* _Your objective_
An exact transcription of all the records is required, minus the images.

==== Extracted records

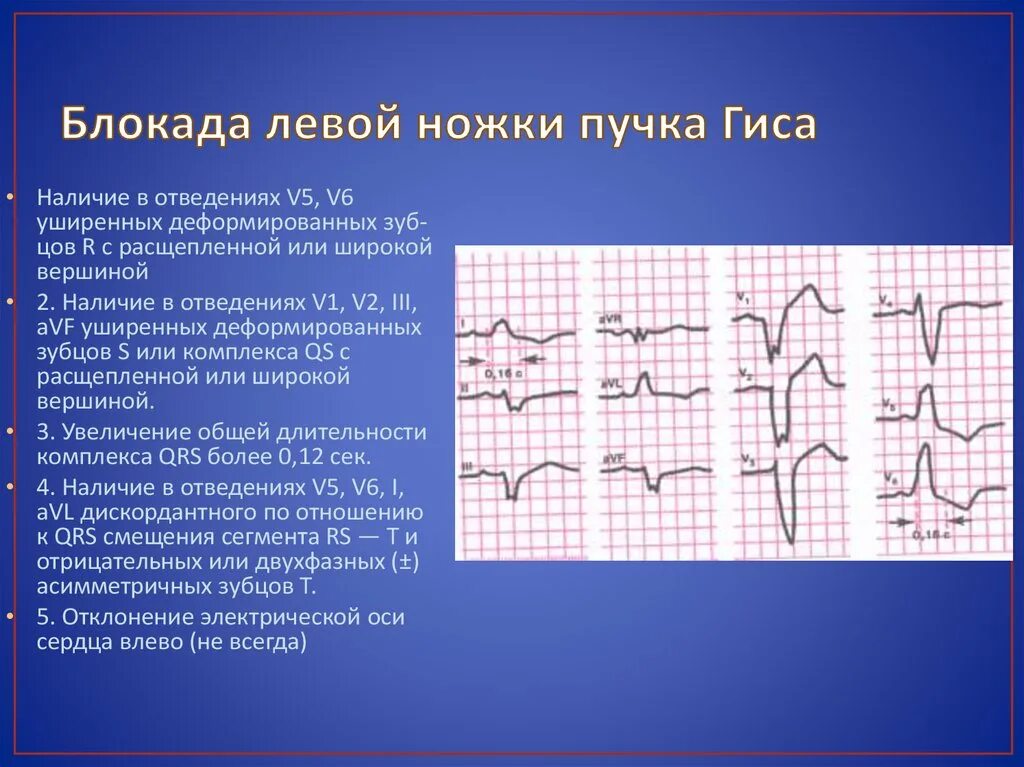 Полная блокада ножек гиса лечение. Блокада левой ножки пучка ги а. Блокада левой ножки пучка Гиса. Блокада левой ножки пучка Гиса на ЭКГ. Признаки блокады левой ножки пучка Гиса на ЭКГ.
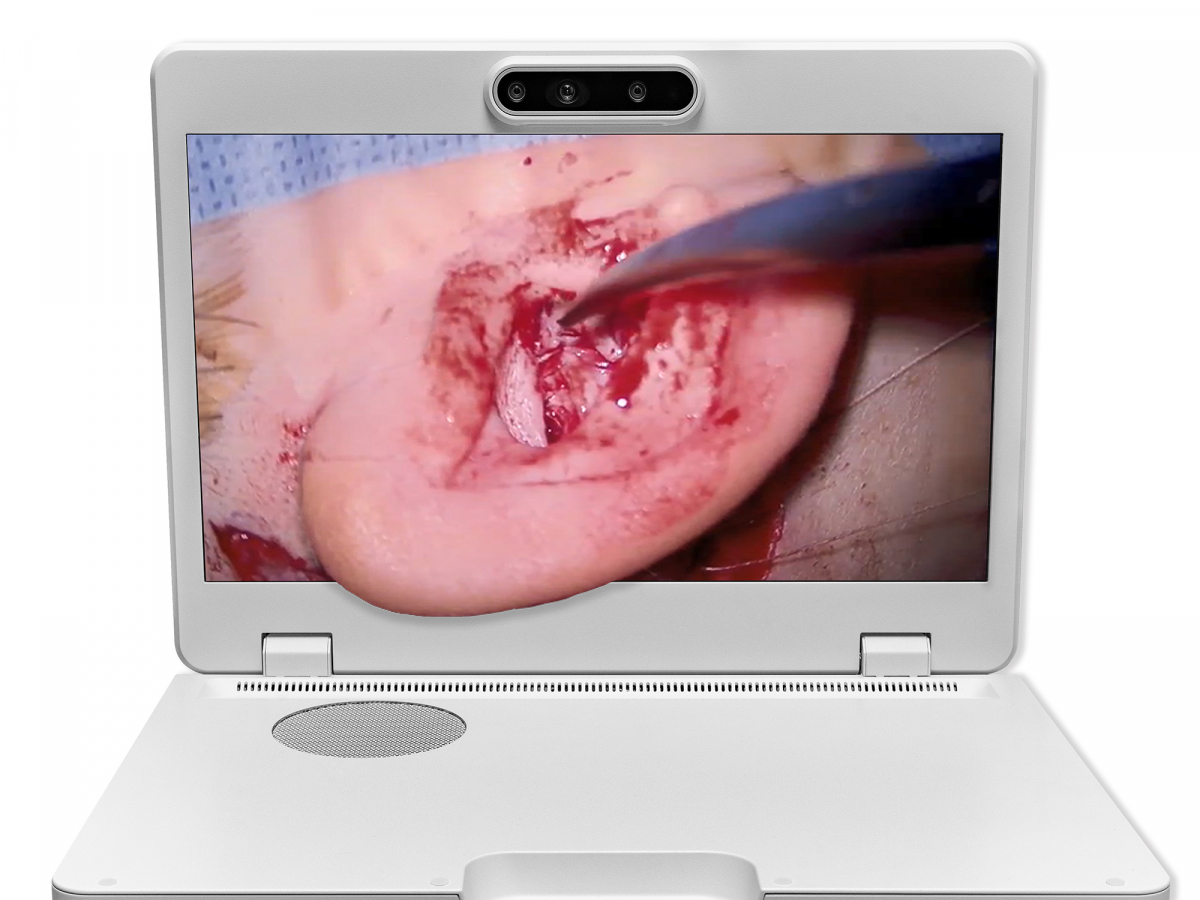 达擎之＂Heads-up 3D显微手术显示系统＂，整合4K裸眼3D显示及眼球追踪系统，具备快速追踪人眼移动位置功能，减轻医师长时间维持固定姿势的负担，让医师能有更宽广清晰的3D立体视野及更舒适的姿势来执行手术。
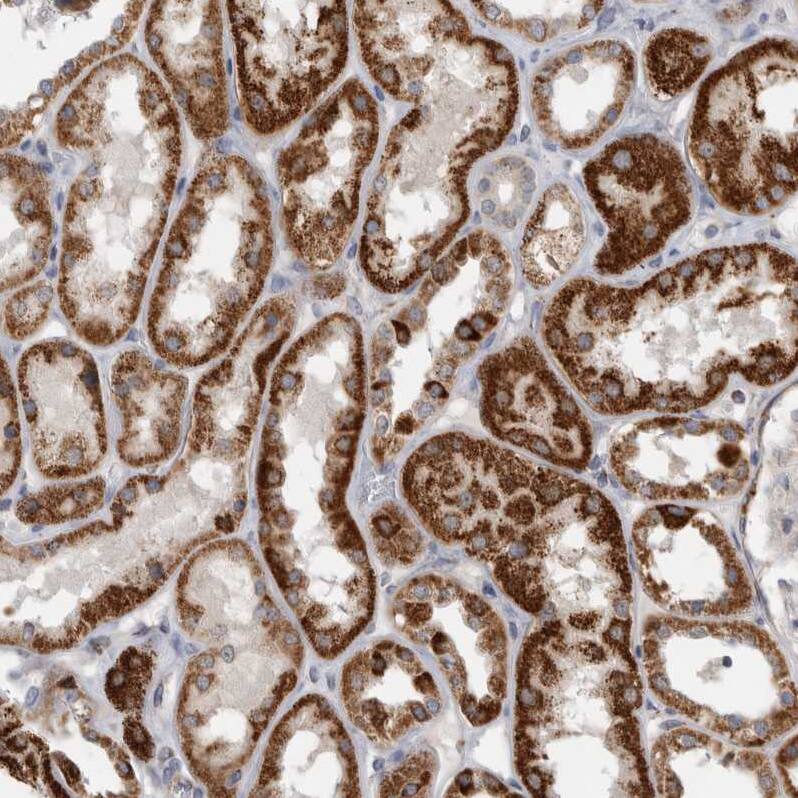 RAB18 Antibody - BSA Free Immunohistochemistry-Paraffin: RAB18 Antibody - BSA Free [NBP1-85966]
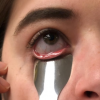 Reusable Sindt Spatula in use visualizing lower eye lid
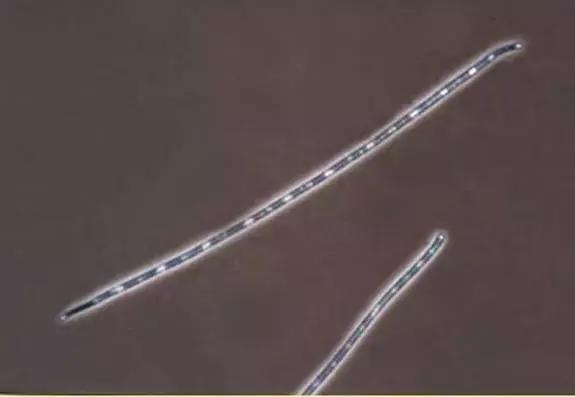 水产养殖藻类老化是怎样的,水产养殖显微镜下各种藻类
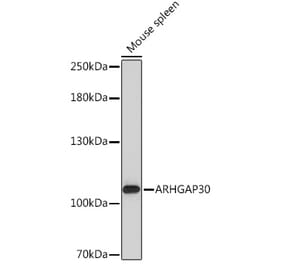 Western Blot - Anti-ARHGAP30 Antibody (A308183) - Antibodies.com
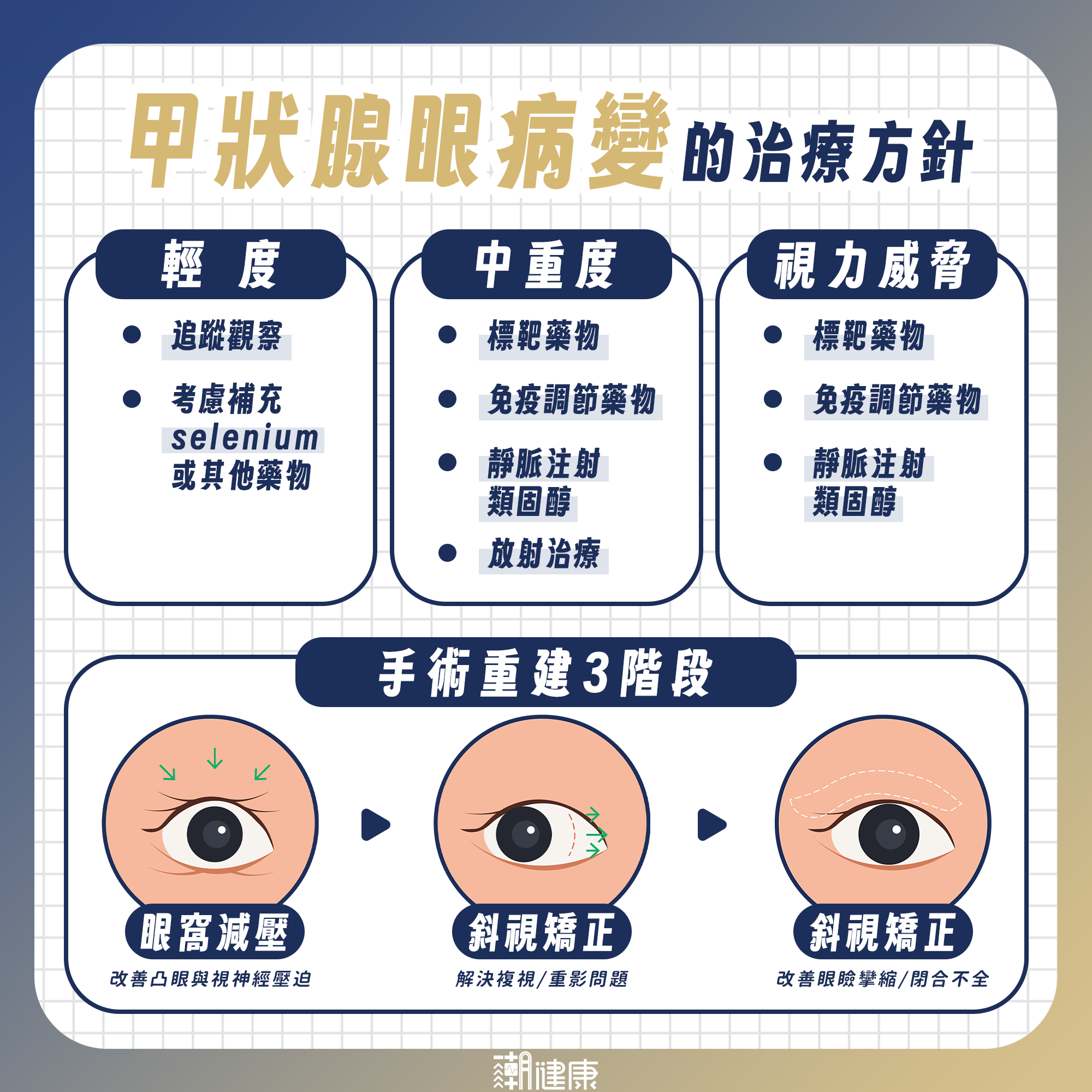 甲狀腺功能正常也可能罹病？ 專家示警：「凸眼、視野重疊」恐是甲狀腺眼病變 內文圖片 2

========

* _Result for this task_
 Полная блокада ножек гиса лечение. Блокада левой ножки пучка ги а. Блокада левой ножки пучка Гиса. Блокада левой ножки пучка Гиса на ЭКГ. Признаки блокады левой ножки пучка Гиса на ЭКГ.
 达擎之＂Heads-up 3D显微手术显示系统＂，整合4K裸眼3D显示及眼球追踪系统，具备快速追踪人眼移动位置功能，减轻医师长时间维持固定姿势的负担，让医师能有更宽广清晰的3D立体视野及更舒适的姿势来执行手术。
 RAB18 Antibody - BSA Free Immunohistochemistry-Paraffin: RAB18 Antibody - BSA Free [NBP1-85966]
 Reusable Sindt Spatula in use visualizing lower eye lid
 水产养殖藻类老化是怎样的,水产养殖显微镜下各种藻类
 Western Blot - Anti-ARHGAP30 Antibody (A308183) - Antibodies.com
 甲狀腺功能正常也可能罹病？ 專家示警：「凸眼、視野重疊」恐是甲狀腺眼病變 內文圖片 2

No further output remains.